特別な事を望んでいるわけではないのに、王太子妃の私にはそれさえ許されなかった。
『立派な王太子妃』は多忙である王太子に快適な環境を提供することが求められ、それは自分の心を殺してでも優先させることのようだ。

貴族社会における『男性を全てにおいて優先する』考えが、ただの不貞を『癒し』に変えてしまう。侍女を除けば臣下達も男性ばかりなので当然のように受け入れ黙認しているのが現状だ。


---私が夢見た結婚生活とは掛け離れている。お互い唯一の相手でいたかった、これは真実の愛だと思っていた。それなのに…。

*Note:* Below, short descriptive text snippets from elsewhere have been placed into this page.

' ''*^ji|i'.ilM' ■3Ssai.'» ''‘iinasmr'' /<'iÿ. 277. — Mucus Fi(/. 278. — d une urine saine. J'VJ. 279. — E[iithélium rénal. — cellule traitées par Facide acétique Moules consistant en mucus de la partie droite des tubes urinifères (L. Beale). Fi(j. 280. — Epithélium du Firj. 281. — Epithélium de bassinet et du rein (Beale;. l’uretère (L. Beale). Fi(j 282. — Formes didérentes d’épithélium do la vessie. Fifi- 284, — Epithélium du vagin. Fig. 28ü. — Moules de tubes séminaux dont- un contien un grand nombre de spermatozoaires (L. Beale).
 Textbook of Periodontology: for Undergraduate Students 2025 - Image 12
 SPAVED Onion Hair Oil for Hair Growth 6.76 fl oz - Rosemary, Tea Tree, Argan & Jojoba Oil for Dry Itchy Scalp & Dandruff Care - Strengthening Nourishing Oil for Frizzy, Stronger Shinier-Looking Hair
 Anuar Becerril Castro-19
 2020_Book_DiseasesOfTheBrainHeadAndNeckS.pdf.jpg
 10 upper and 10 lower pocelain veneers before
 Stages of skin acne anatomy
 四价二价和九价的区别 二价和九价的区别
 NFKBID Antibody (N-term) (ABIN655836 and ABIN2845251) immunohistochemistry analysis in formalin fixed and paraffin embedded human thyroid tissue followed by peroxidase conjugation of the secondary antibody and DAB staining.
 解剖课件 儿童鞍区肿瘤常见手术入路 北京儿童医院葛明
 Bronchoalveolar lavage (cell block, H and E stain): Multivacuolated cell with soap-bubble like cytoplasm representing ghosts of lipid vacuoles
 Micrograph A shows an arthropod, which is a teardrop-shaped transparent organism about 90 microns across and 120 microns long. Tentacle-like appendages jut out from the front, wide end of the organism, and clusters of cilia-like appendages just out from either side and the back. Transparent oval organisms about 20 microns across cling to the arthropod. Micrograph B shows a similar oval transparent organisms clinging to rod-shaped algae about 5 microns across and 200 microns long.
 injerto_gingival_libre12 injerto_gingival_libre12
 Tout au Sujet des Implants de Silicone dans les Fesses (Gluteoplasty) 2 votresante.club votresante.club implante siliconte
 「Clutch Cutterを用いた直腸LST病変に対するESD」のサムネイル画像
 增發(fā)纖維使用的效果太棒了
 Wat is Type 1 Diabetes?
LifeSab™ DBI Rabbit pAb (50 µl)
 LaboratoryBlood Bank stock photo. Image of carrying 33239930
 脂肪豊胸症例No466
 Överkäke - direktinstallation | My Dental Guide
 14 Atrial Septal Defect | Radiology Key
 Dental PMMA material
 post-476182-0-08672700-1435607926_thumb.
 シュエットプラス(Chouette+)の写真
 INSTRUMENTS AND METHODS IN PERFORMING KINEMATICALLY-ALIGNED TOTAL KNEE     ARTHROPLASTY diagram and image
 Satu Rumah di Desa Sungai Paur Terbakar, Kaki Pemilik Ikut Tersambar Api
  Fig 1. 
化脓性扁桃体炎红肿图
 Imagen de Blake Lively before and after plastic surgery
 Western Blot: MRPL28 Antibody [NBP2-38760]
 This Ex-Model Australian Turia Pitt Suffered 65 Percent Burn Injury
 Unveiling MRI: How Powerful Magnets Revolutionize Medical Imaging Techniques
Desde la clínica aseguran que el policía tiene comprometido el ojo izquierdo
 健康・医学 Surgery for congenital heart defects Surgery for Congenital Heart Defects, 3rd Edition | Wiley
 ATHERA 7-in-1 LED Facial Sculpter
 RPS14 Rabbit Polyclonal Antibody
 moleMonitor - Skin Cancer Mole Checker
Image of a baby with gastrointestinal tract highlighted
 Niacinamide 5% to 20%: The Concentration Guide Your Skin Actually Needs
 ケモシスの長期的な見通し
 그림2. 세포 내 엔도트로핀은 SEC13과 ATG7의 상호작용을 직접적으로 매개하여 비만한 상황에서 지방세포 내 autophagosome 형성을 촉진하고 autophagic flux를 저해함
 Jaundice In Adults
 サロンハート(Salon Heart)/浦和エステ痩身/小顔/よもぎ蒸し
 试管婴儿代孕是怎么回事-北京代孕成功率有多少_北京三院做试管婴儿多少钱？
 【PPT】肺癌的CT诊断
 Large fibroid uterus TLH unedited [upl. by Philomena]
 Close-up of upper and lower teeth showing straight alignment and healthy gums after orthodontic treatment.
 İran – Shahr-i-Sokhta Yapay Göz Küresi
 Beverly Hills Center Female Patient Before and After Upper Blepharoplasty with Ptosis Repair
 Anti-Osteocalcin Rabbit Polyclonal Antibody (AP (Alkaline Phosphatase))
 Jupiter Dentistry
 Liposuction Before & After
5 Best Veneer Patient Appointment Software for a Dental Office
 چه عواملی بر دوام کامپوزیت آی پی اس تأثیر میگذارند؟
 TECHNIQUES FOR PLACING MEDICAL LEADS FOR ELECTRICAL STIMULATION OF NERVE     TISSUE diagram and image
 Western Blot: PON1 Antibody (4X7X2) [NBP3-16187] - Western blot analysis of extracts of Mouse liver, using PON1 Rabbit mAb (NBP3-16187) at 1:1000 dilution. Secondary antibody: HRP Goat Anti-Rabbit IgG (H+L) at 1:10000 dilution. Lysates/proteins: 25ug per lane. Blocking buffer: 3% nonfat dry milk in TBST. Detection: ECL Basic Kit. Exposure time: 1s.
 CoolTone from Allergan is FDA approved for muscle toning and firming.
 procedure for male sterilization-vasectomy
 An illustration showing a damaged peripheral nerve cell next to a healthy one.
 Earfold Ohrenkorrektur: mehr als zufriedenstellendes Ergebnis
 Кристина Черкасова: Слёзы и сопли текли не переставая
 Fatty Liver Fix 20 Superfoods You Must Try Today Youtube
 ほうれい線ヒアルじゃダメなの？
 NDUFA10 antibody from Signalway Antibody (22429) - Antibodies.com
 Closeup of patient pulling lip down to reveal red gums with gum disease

私は王妃様との面談がいつ終わってどのように私室に戻ったのかも覚えてなかったが、気づいたら自分の部屋へと戻っていた。

私は信頼する侍女のスズに、王太子に対する対応やこれからの私が取る行動を説明し、王太子妃付きの信頼出来る者達に徹底させるように指示を出した。優秀なスズは動揺しなかったが、その瞳には王太子への怒りが見て取れた。味方はいないと思ったが、私の心に寄り添ってくれる存在がいることを素直に有り難いと思った。

「ご指示は理解しましたが、これで本当によろしいのですか?マリアンヌ様のお気持ちはどうなるのですか!」

「ふふふ、私の気持ちを心配してくれたのはスズだけだわ。誰も私の心なんて気にしなかったわ。立派な王太子妃であればそれでいいのよ」

「私は納得いきません!不貞が癒しなんて男に都合がいい屁理屈です。もう一度宰相様に、」

「いいの、そんな事をしても余計惨めな思いをするだけ…。でも有り難う、スズのその気持ちがなにより嬉しいわ。あなただけはいつまでも私の味方でいてね。
それに分かっているとは思うけど、王太子にはいつも通りに接し心健やかに過ごしていただくように。この意味は分かりますね?」

「はい、マリアンヌ様。今回のことは決して王太子様の耳には入れません」



こうして私は王太子妃として、夫の不貞を毎日を送ることになった。
知らないでいる為に王太子のスケジュールを今まで以上に把握し密会の予想をし鉢合わせしない様に気を配る。
『知らない』ようにする行動が、皮肉なことに知りたくもない不貞相手や裏切りの回数まで詳細に知ることになっていた。
それにたまたま目撃する事もあり、その場合は私を含めお付きの者達も見ないふりをしている。

私はそんな毎日にだんだんと慣れていったのか、もう陰で涙を流すこともなくなっていた。最後に泣いたのはいつだったか思い出すことも出来ない。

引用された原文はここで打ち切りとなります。